Preserving Family Legacy Through Strategic Estate and Business Succession Planning

In the hit HBO show, The Newsroom, news anchor Will MacAvoy observes, at one point, that the first step in solving a problem is recognizing that it exists. The same principle often applies to advising high-net-worth clients. Often, they have had their heads down for many years, concentrating on building their business and wealth. A big part of our role at Farella Braun + Martel is alerting these clients to their changed circumstances and guiding them to act. A high-net-worth legal practice is an intensely personal, hands-on specialty.

Problem: One of our clients is a Bay Area family that runs a packaged food business. Founded by the parents, through many years of hard work, what was originally a fairly small mom-and-pop business had grown into a substantial, complex multigenerational enterprise.

Our clients were Chinese immigrants who built a business with little more than hard work, grit, and personal commitment. As a husband and wife team, they built their family’s present and future. Their family also grew to include two children. Myopically focused on the business—the family’s only income source—they quickly threw together the simplest estate plan imaginable. Everything is equally split between the two kids. The end. Now, let’s get back to work.

Over time, the involvement of their two children complicated things. One child became a key part of the operation of the business. One did not. And as time went on, the role and importance of the involved child became more and more essential to the business. That child, who had significant responsibility for the success of the enterprise, was receiving precisely the same ownership share as his sibling, who was not involved. And the non-involved sibling was seeing the value of her ownership grow, due largely to the efforts of the involved sibling.

It is important to note here that there are no bad actors. Everyone was well-intentioned, and this was not an episode of Succession. However, some issues needed to be addressed and were growing more urgent every day—natural byproducts of the company’s growth and success, and the family’s lack of sophisticated planning. For example, the involved child was feeling like his efforts were not respected and began thinking through branching off and starting his own company. Would it be a subsidiary of his parents’ company? An independent entity? Who would own the company, and at what percentages? What tax or other issues should be defined? How would it all work? He wanted a resolution of these issues, and soon.

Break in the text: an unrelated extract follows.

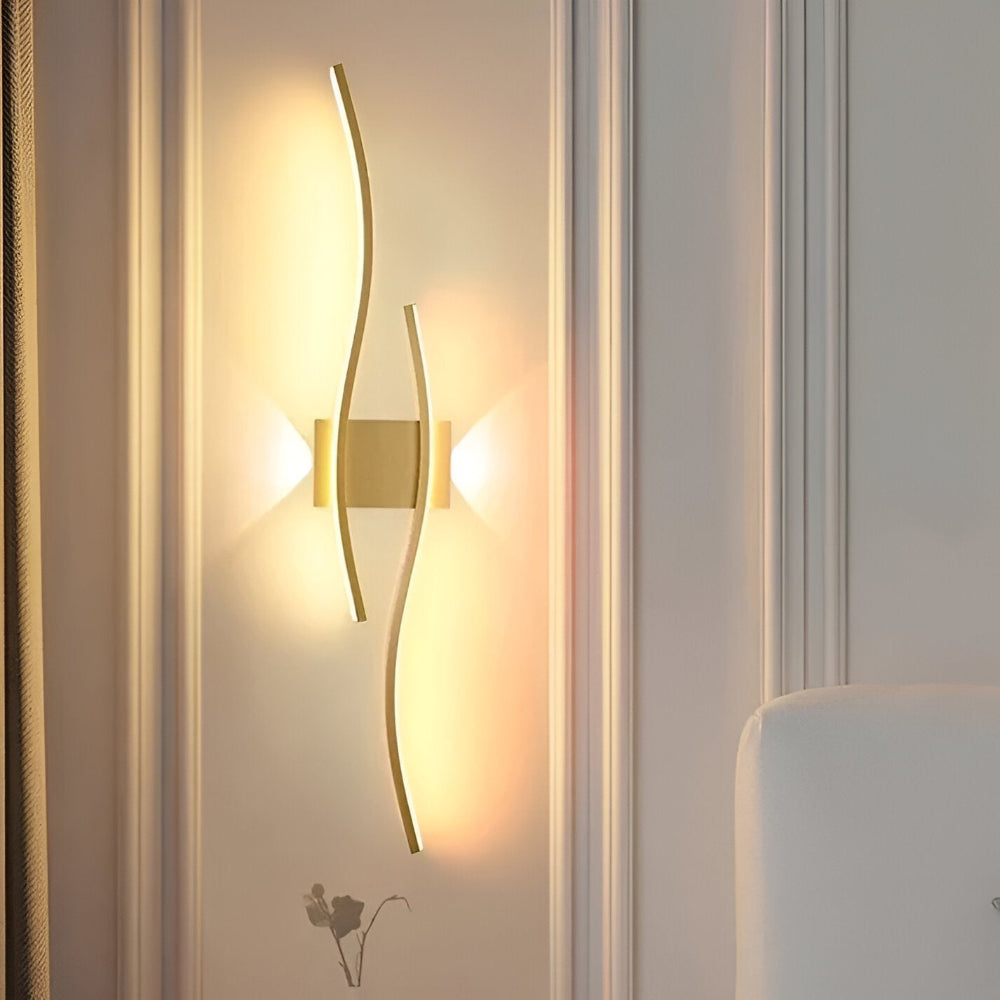 Moderne LED væglampe med elegant bølgedesign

Behind that wedge issue was an array of other subjects that the family had not yet dealt with or planned for, nor trusted in sophisticated service providers to guide the aging parents. There was minimal estate and no tax planning for the family or succession planning for the business. The corporation lacked current governing instruments and maintained an Excel-based cost accounting system. Transfer rights and rights of first refusal were unclear, with only a basic, decade-old estate plan in place that was nowhere near sufficient to address the complexity created by the success of the company.

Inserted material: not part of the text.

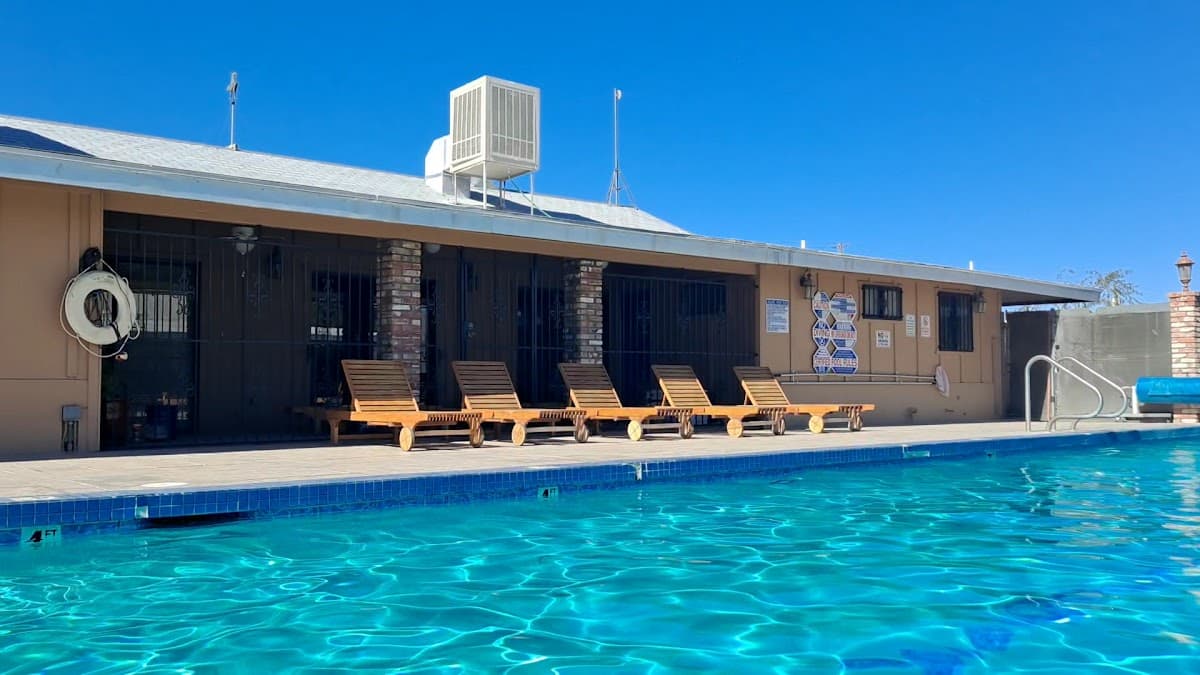 Hitchin' Post RV Park and Motel, Caravan Park in Sunrise Manor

Solution: The first, essential, very challenging task was to get the founding parents to understand how important developing a strategic estate plan was to the future of their family and their business.  Busy entrepreneurs often must deal with today, not tomorrow, which is why, as lawyers, we see around corners and deal with possibilities that affect live issues. Through multiple meetings, we began discussing how to plan for the future and, specifically, for things like potential tax ramifications and allocation of company control and business assets and profits in both the short and long term. We brought all parties together via very carefully drafted correspondence that kicked off the proactive process of reaching out, setting a foundation based on mutual goals and objectives, and then guiding the family into thinking about specifics.

We assisted the family in identifying and developing a list of issues. Using concrete examples and a series of scenarios, we addressed the consequences of doing nothing or not much. We helped them address what happens if they did not get out in front of these significant familial and business issues. These conversations often involved other colleagues from Farella with specific expertise in corporate, tax, insurance coverage, intellectual property, and employment law, to identify a few.

When we tackled one issue, it created a new set of questions or a lens to tackle the next issue.  Our practice provides the most value when we guide clients through complex, multifaceted issues that have a major impact on their lives and the lives of their children and their children. As in this case, the first, most profound step was sensitively gaining the attention of the first generation to help them understand their situation and look beyond today into the future. Protecting what they built requires a level of sophistication that a simple bookkeeper can no longer handle, and also takes the time and trust of a team of sophisticated service providers.  That is often where our work begins. In the case of this family, we are helping them to define and articulate their legacy and plan for long-term wealth preservation that ensures their assets continue to provide them, and their descendants, value and joy into the future.

The family has just begun their planning journey. The story is far from over. But, to quote Winston Churchill, although this is not the end, or even the beginning of the end, it’s the end of the beginning. They’re on their way.